2017 William Fevre Chablis ‘Bougros’ Grand Cru
“Bougros” sits on a very steep slope, with a gradient of more than 30%, facing south at the foot of the hill. This makes for a complex wine that shows well year after year.
Practicing sustainable growing in its vineyards for nearly 10 years now, Domaine William Fèvre obtained, in 2015, the “High Environmental Value” (HVE) status, the highest level of environmental certification in France.
Out of stock
In 1959 William Fèvre declared his first crop and marked the birth of the domain. Descended from a family that had lived in the Chablis region for over 250 years, it was only natural that he become a winemaker. Over the years the domain has acquired new vineyards in Chablis, all located in the historic terroirs. William Fèvre has become one of the biggest land owners in Chablis with 78 hectares of prestigious vineyards, of which, 15.9 are classified as Premiers Crus and 15.2 as Grand Crus.
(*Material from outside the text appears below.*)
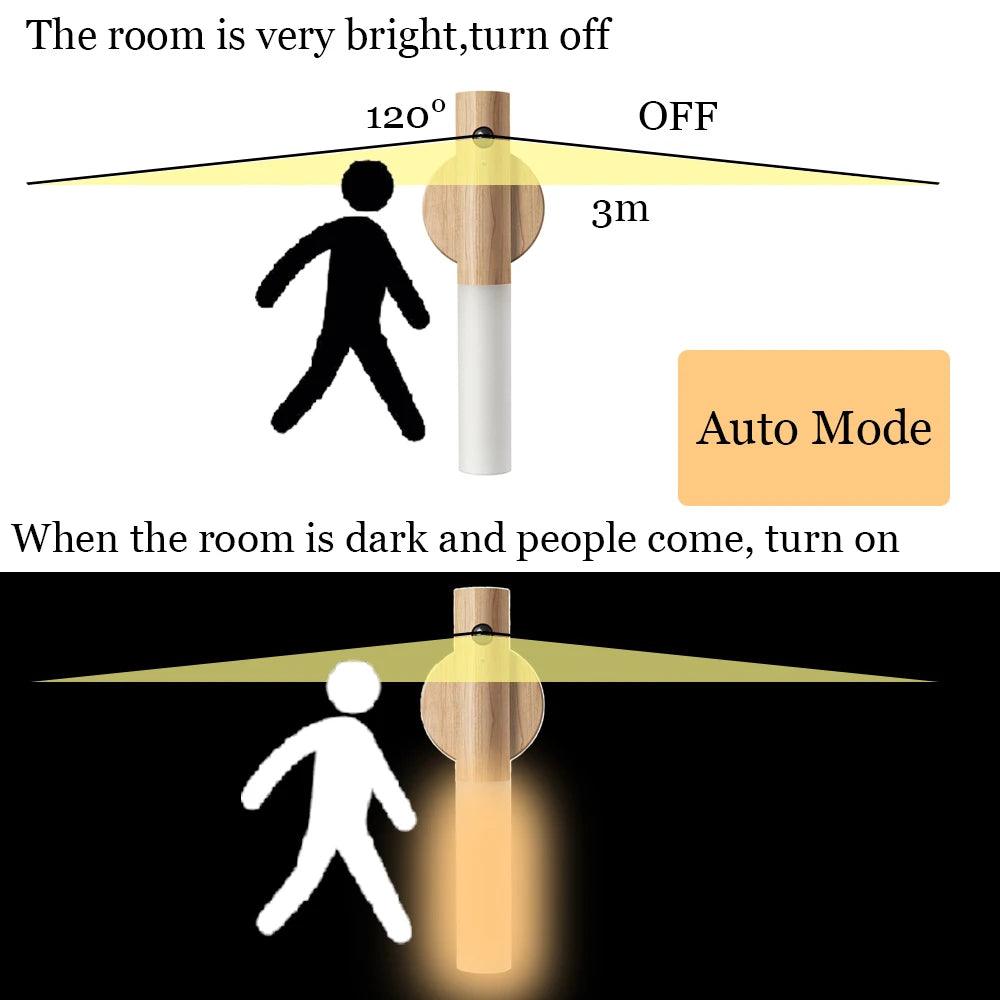 Magnetic Wall Lamp - Mi Amor Furnishings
Domaine William Fèvre works passionately to express Chablis’ terroirs, respecting the region’s environment and traditional practices. They also maintain deep-rooted family values that they still instill today in their vineyards and wines thanks to modern technology and a resolute avant-garde vision. Style is an empty shell. Wine’s potential lies in its sensual response. For Chablis, this is derived from its terroir, which creates freshness and minerality.
As the most popular white grape for growing and consuming, Chardonnay can be made in a wide range of styles. These styles can vary from a sparkling Blanc de Blanc, or fresh fermented in stainless steel, to rich and creamy white wine aged in oak barrels. Notable regions for this grape include Chablis or Burgundy in France, Central Coast, Napa, and Sonoma in CA, and Western Australia. When pairing with food, consider the characteristics of your wine first. No brainer pairing options include seafood, salads, and white meat. Chardonnay, with its vast versatility, is everyone’s best friend.
Burgundy is a historical region in east-central France that covers a wide area with ranging climates. The large number of producers and appellations within Burgundy can make the region seem complicated to the eye. At its essence though, Burgundy can be quite simple. This is the home for Pinot Noir and Chardonnay, and these wines are second-to-none around the world. Burgundy winemakers were the pioneers for premium Chardonnay production and continue to provide a benchmark of excellence in viticulture and winemaking for all of their varieties.
Vineyard location is extremely important in Burgundy. The location will determine their quality level within the Burgundy appellation hierarchy. The highest-quality vineyards will generally have a south or southeast facing exposure providing the most access to sunlight and offering protection from westerly winds. These wines may be listed as premier cru or grand cru on the bottle label. Soils in Burgundy can vary depending on the area, but you’ll find many of them are rich in limestone and clay. Burgundian wines can age for many years if stored properly and will often hit their peak drinking age 5-10 years after production.
Chablis, the Côte d’Or, Côte Chalonnaise, Mâconnais and Beaujolais are all appellations within Burgundy that have different rules and produce different styles of wines. Perhaps even more well-known are the sub-appellations within. The small villages of Corton, Montrachet, Meursault, and so on have reputations for producing the best white wine in the world.